Figure 5.

Target gene validation for microRNA (miRNA) 106a‐5p, 18b‐5p and 363‐3p and function in T helper cells. (a) Luciferase reporter assay with plasmids containing either wild‐type or mutated miRNA binding sites. Depicted are the luciferase values (Renilla/Firefly) relative to the scrambled negative control. (b) Quantitative RT‐PCR analysis of transfected T helper subsets. Cells were simultaneously transfected with 6·5 nM miRNA 106, 18b and 363 (Th0T, Th2T and Th17T) or the same concentration of a scrambled miRNA (Th17scr).
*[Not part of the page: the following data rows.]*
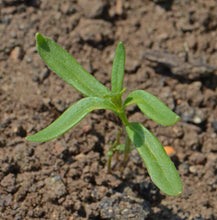 Load image into Gallery viewer, 2000+ Spurred Snapdragon Flower Seeds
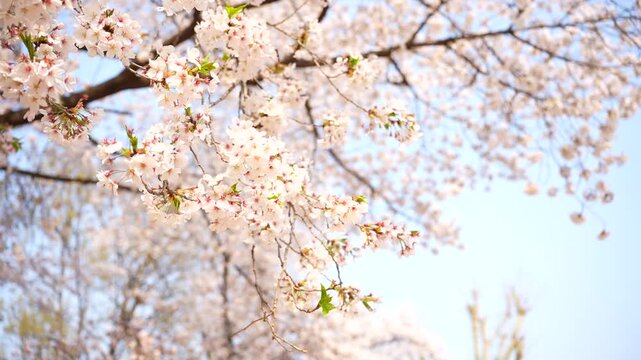 산들바람에 흔들리며 떨어지는 분홍빛 벚꽃잎 클로즈업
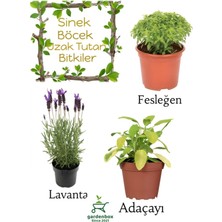 Garden Box Sinek Böcek Kovucu Bitki Seti Lavanta+Fesleğen+Adaçayı Bitkisi 10-20CM Boylarında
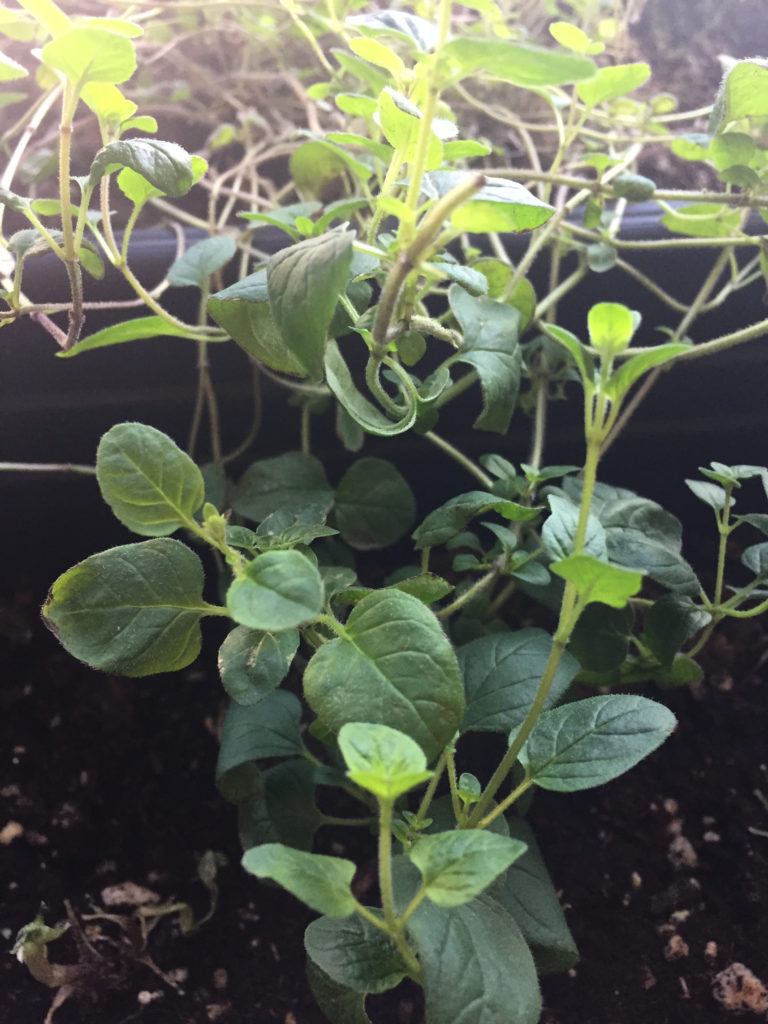 Oregano Plants in Indoor Container Garden Those Someday Goals
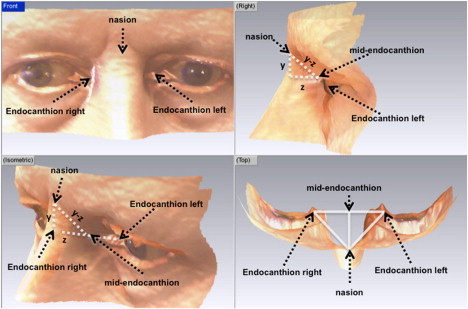 Figure 3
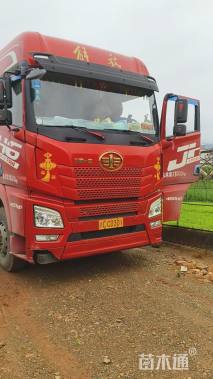 高度40厘米绣球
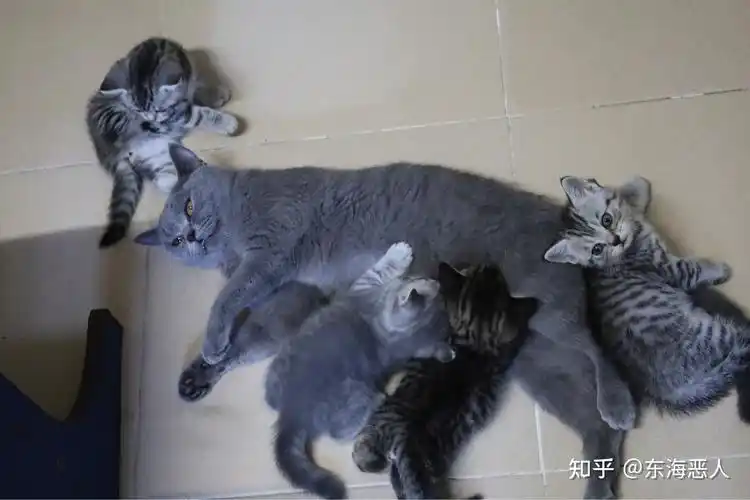 美短和英短杂交好看吗养猫的来戳戳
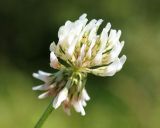 Trifolium repens. Соцветие. Амурская обл., Бурейский р-н, окр. с. Малиновка. 18.07.2016.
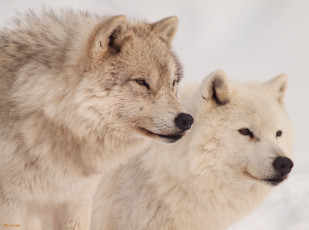 Картинка животные волки санитары хищники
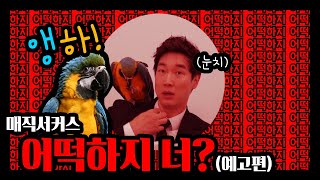 [문화!수목금토일] '매직서커스' 예고편!! 앵무새 '조이' 사고치다?
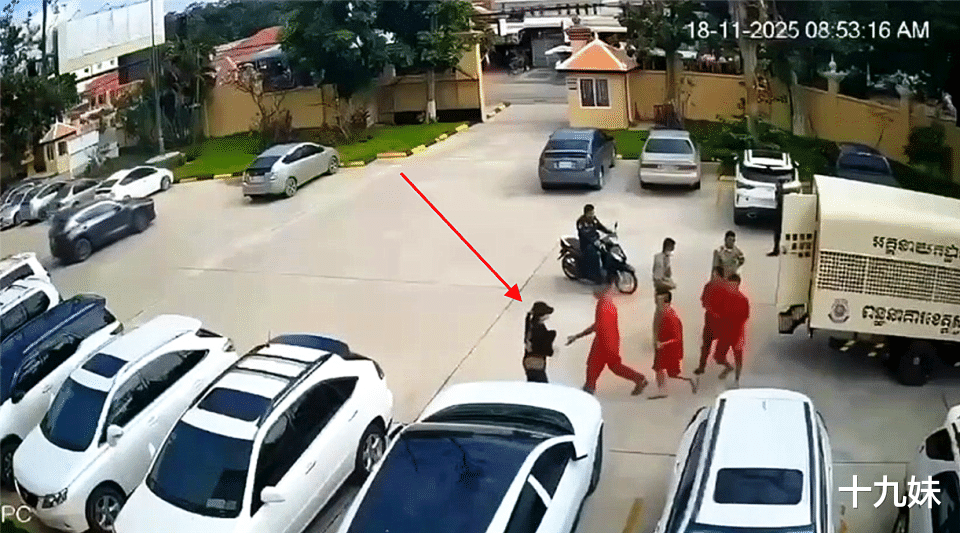 最美大嫂劫囚后续，柬埔寨警方披露调查细节，她根本不是什么孤胆英雄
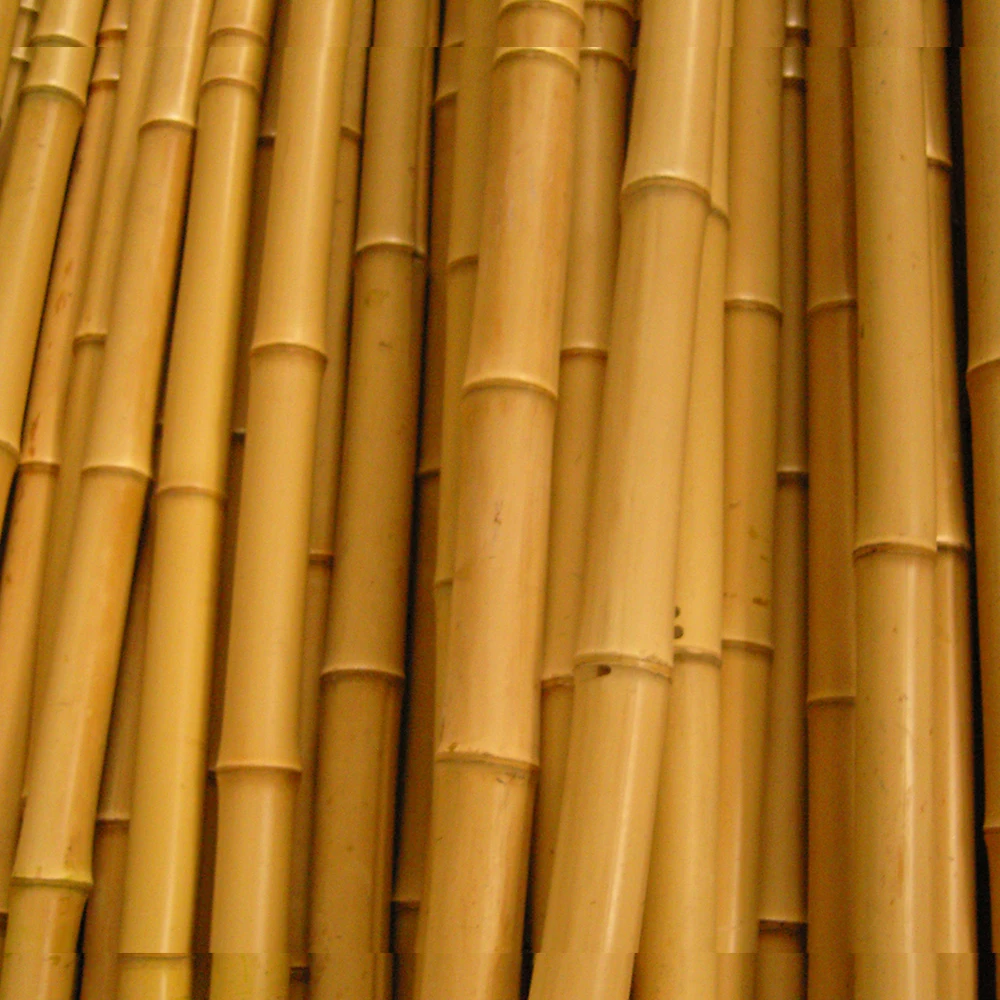 Straight strong outdoor natural building material bamboo poles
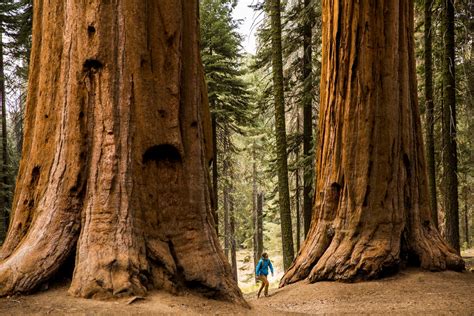 Meet the Giant Sequoia, the 'Super Tree' Built to Withstand Fire | Scientific American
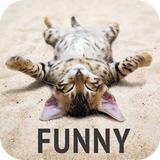 Funny wallpapers ไอคอน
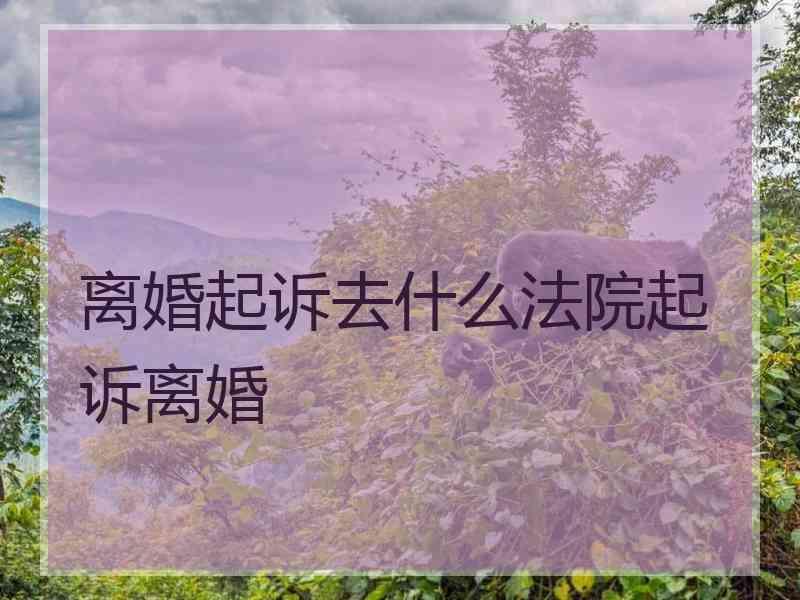 离婚起诉去什么法院起诉离婚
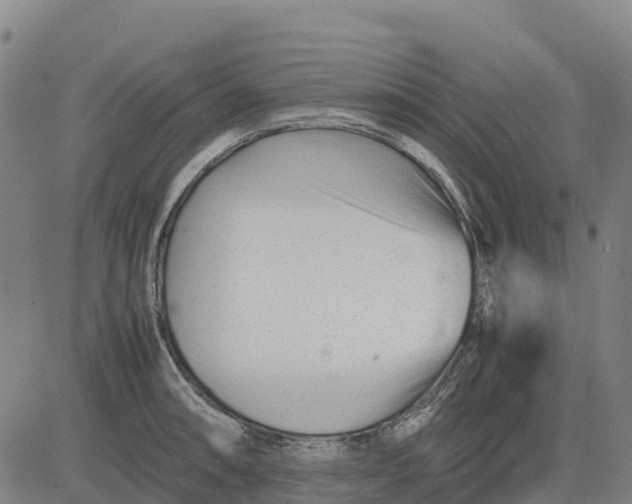 X0000083661090200703051745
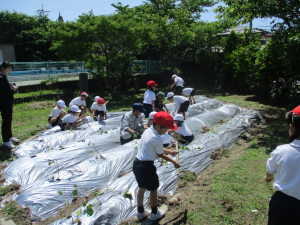 6月4日　東田布施小学校2年　さつまいも定植2の画像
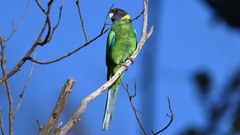 Barnardius zonarius semitorquatus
Depicted are fold changes compared with the transfected Th0T subset and normalized to the expression of Hprt. (c) Flow cytometry analysis of interleukin‐17 (Il‐17) protein production of transfected T helper cells. (a–c) Medians are depicted of four to six independent experiments. (d) Viability (MTT assay) of T helper cells after transfection. Shown are the mean (± SD) relative amounts of viable cells compared with the control (n = 4). Differences are not significant. Statistical differences were calculated with one‐way analysis of varaince and Tukey post test. *P < 0·05, **P < 0·01, ***P < 0·001, ns = non‐significant.